Excipients are components used and intentionally added to a drug product with no expectation that they will have a therapeutic effect. A novel excipient is one that has never been used and “reviewed in an FDA approved drug product or does not have an established use in foods”. Since the beginning of time, the Agency has struggled with evaluation of novel excipients in INDs, NDAs, and BLAs. How much is safe? In long term or chronic use, how long can safety be assured? Will the excipient create an unintended consequence under approved conditions of use?
In a Federal Register Notice (here) scheduled to publish on Thursday December 5, the Agency is soliciting comments and interest in establishing a program to review the toxicology studies independent of the IND, NDA, and BLA process to evaluate the “supporting the safety of the novel excipient at anticipated levels and duration of exposure, by anticipated routes of administration.”

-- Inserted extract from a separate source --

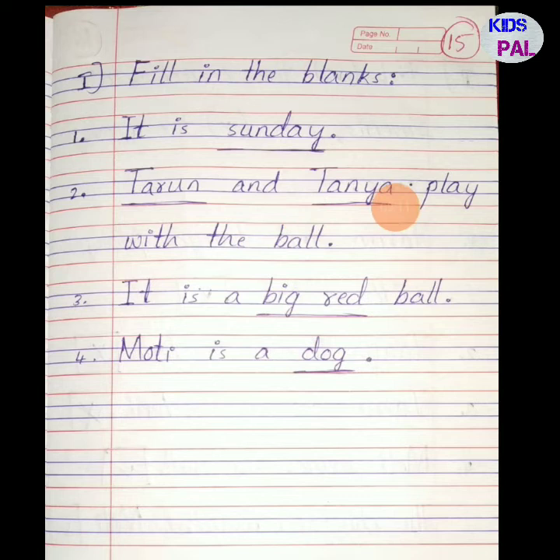Second: dash and dash play with the ball — Tarun and Tanya play with the ball. Third: it is a big red ball — the answer is big red. Fourth: Moti is a dash — Moti is a dog. Write it neatly in your English notebook.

The Agency says that applicants are hesitant to use novel excipients, even if they may add a benefit to a product formulation, because of the uncertainty around whether novel excipient will be found acceptable for use when submitting an IND, NDA, or BLA, which could potentially compromise the clinical development of the product. Such a pre-review outside of an application would provide additional confidence (but not certainty) that the novel excipient will not result in a safety issue during FDA’s review of the marketing application.
The Notice states: “FDA is considering establishing a pilot program that would review a limited number of submissions per year. Any program developed by the Agency would be voluntary. FDA recognition of a novel excipient would not be necessary for the novel excipient to be included in a finished drug product described in an IND, an NDA, or a BLA.”
If, under the proposed program, the novel excipient evaluation is found to be safe for use, the Agency would list it in the Inactive Ingredient Database with levels that have been found acceptable for use. While such a program would be welcomed by excipient manufacturers intending to introduce novel excipients to drug manufacturers, the Agency warns that “[a] proposed drug product that contains an excipient that would require clinical investigations to establish safety of the excipient for use in a particular drug product would not be permitted in an abbreviated new drug application (ANDA) but may be submitted in a 505(b)(2) application” (emphasis added).
The FR Notice provided a list of seven issues for which the Agency would like feedback from industry. This is an interesting forward-looking program being suggested by the FDA and may have a positive impact on the industry’s willingness to utilize novel excipients, especially when a benefit from such use is anticipated. Let’s see where this will go.